Liban: Aoun réitère son soutien à un audit impartial de la banque centrale

  • Cette situation survient au milieu des retombées politiques des tentatives continues du juge de convoquer le gouverneur de la banque centrale afin de répondre aux questions devant le tribunal
  • Le président Aoun, quant à lui, a critiqué «les campagnes d'incitation et les fausses allégations du Mouvement du futur et de ceux qui l'accompagnent»

BEYROUTH: Le président libanais, Michel Aoun, a souligné jeudi que «l’audit juricomptable de la Banque du Liban (la banque centrale du pays) devrait aboutir à des résultats concrets, tout en évitant les intérêts personnels».

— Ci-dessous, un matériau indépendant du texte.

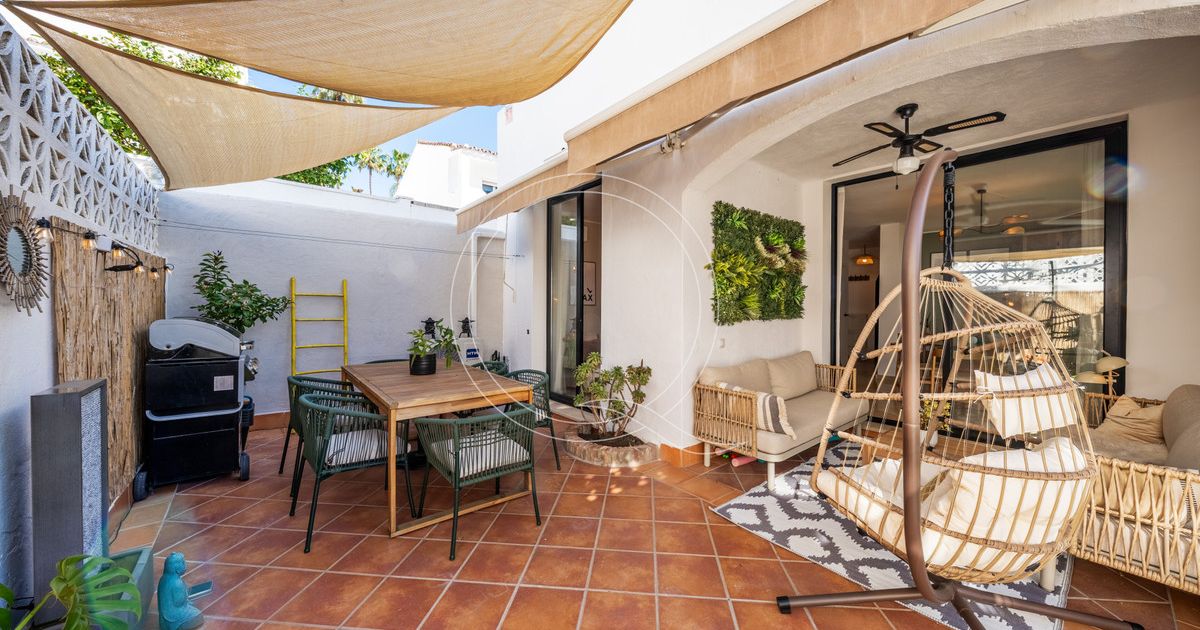 Semi-Detached House in Estepona, Estepona, 5/12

Lors d'un discours prononcé jeudi devant la Commission nationale de lutte contre la corruption récemment formée, Aoun a déclaré que le peuple libanais «a le droit de savoir où sont passées ses économies. Tout parti qui dit le contraire a certainement bénéficié de mauvaises pratiques dans la gestion des affaires de l'État et de ses institutions, notamment la BDL. Ces partis mènent des campagnes contre moi et continuent d'induire l'opinion publique en erreur».

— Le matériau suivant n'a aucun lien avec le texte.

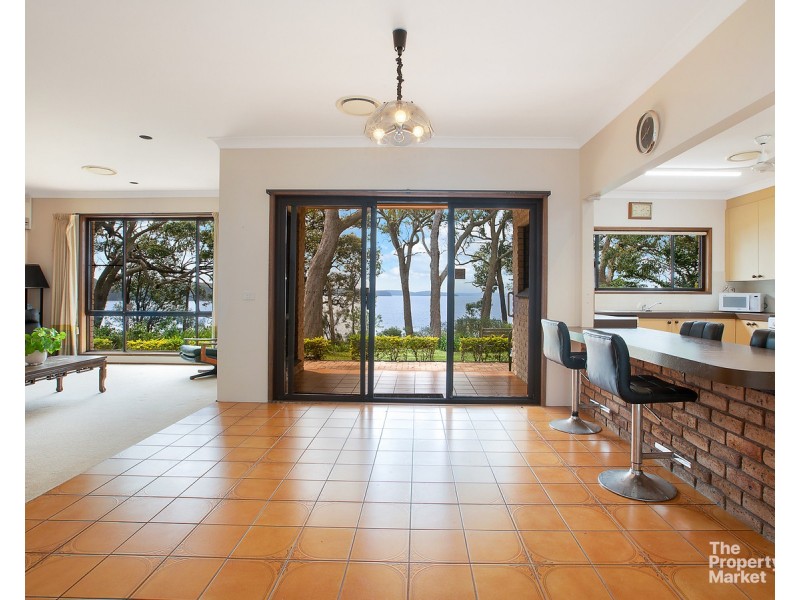 1 Winbin Crescent, Gwandalan NSW 2259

La juge Ghada Aoun, qui est politiquement affiliée au président, continue d'insister pour que Riad Salameh, le gouverneur de la banque, soit poursuivi en justice. Mercredi, la juge a décidé de poursuivre le général Imad Othman, chef des Forces de sécurité intérieure, pour avoir empêché mardi des agents de la Sûreté de l'État de pénétrer le domicile de Salameh à Rabieh.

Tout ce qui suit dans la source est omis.